Thursday, 25 February 2016

Stephen Hawking Solved Black Holes' Paradox?

Stephen Hawking Solved Black Holes’ Paradox?

One of the most vexing questions in physics is what would really happen if you fell into a black hole? Now, a new radical theory, proposed by famous cosmologist Stephen Hawking, may finally solve this challenging puzzle.
Black holes really not engulf and destroy the ‘physical information’. Instead, the information is stored in alternative universes.
This is the new idea proposed by professor Stephen Hawking in a meeting organized by the KTH Royal Institute of Technology in Stockholm.
If you feel you are in a black hole, don’t give up, there’s a way out,
Hawking said.
Quantum mechanics states that everything in our world is encoded with information about its constituent particles’ quantum states.
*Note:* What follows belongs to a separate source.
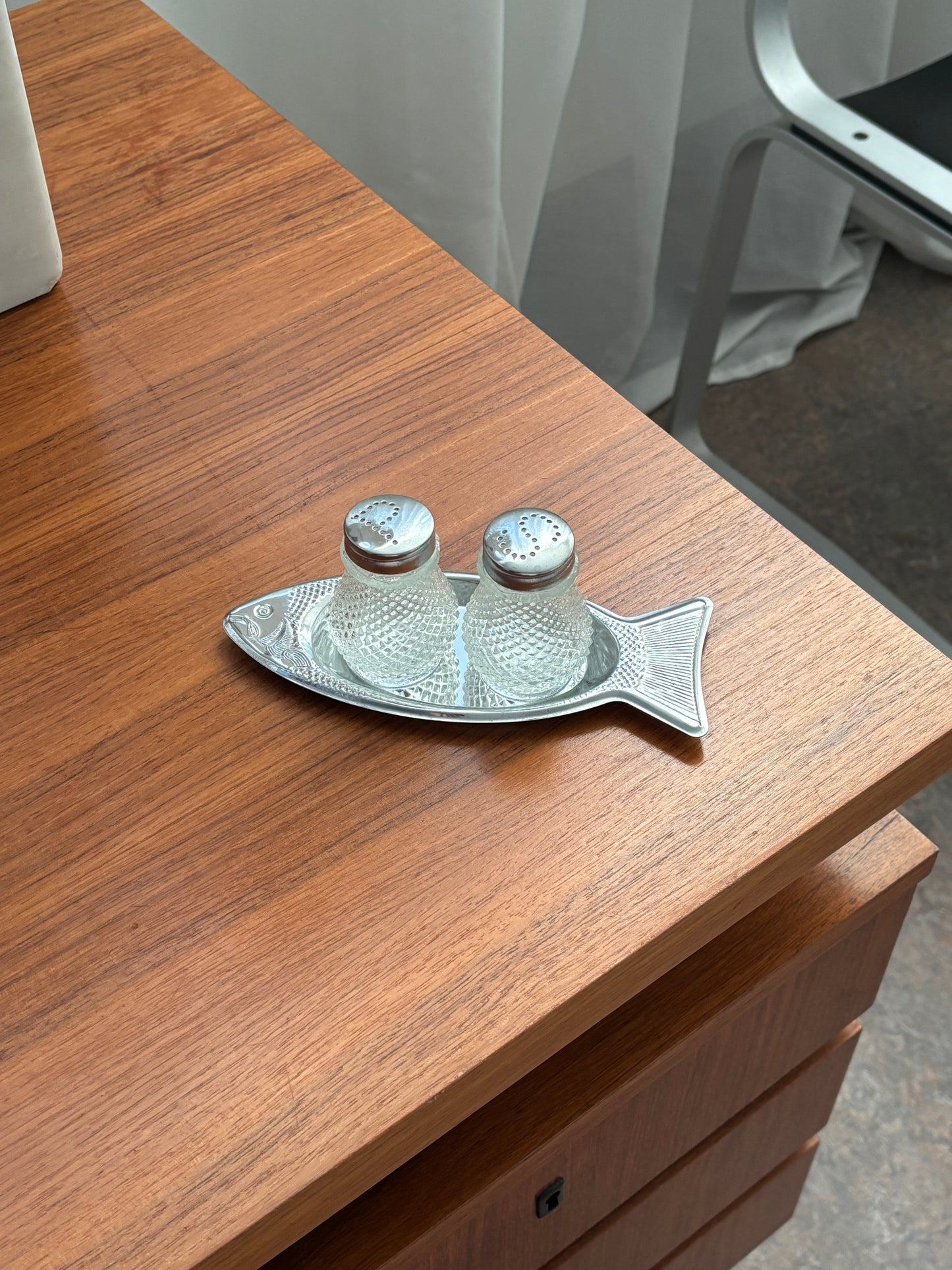 salt and pepper shakers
And according to this law, the information is eternal, it cannot disappear forever, no matter what happens, not even if it gets sucked into a black hole. This is known as the ‘information paradox.’
The ‘information paradox’ has puzzled scientists for decades. While quantum mechanics says that nothing can ever be destroyed, general relativity says it must be.
However, Hawking’s new theory may solve this puzzle. In the so-called Hawking Radiation Conference, organized by UNC physicist Laura Mersini-Houghton, Hawking presented his latest idea.
I propose that the information is stored not in the interior of the black hole as one might expect but on its boundary, the event horizon
The event horizon is the sphere around a black hole — so, in other words, whatever is falling into a black hole can escape because it doesn’t actually make it inside

The idea is the super translations are a hologram of the ingoing particles,
Stephen Hawking
he said.
Thus they contain all the information that would otherwise be lost.
So, while the information is not technically lost, it is preserved in a “chaotic, useless form,
Hawking added.
For all practical purposes, the information is lost.
At the conference, Hawking also offered compelling ideas about what happens to the stuff that does fall into the black hole?
They travel down a one-way path, eventually winding up in a different universe.
The hole would need to be large and if it was rotating it might have a passage to another universe. But you couldn’t come back to our universe. So although I’m keen on space flight, I’m not going to try that,
Hawking said.
The message of this lecture is that black holes … are not the eternal prisons they were once thought. Things can get out of a black hole both on the outside and possibly come out in another universe.
Bootome line: As we understand them, black holes are regions of space-time that are born after stars collapse into themselves, creating a ‘point of no return’ that swallows anything that comes too close. Not even light can escape, because their gravitational pull is so infinitely powerful.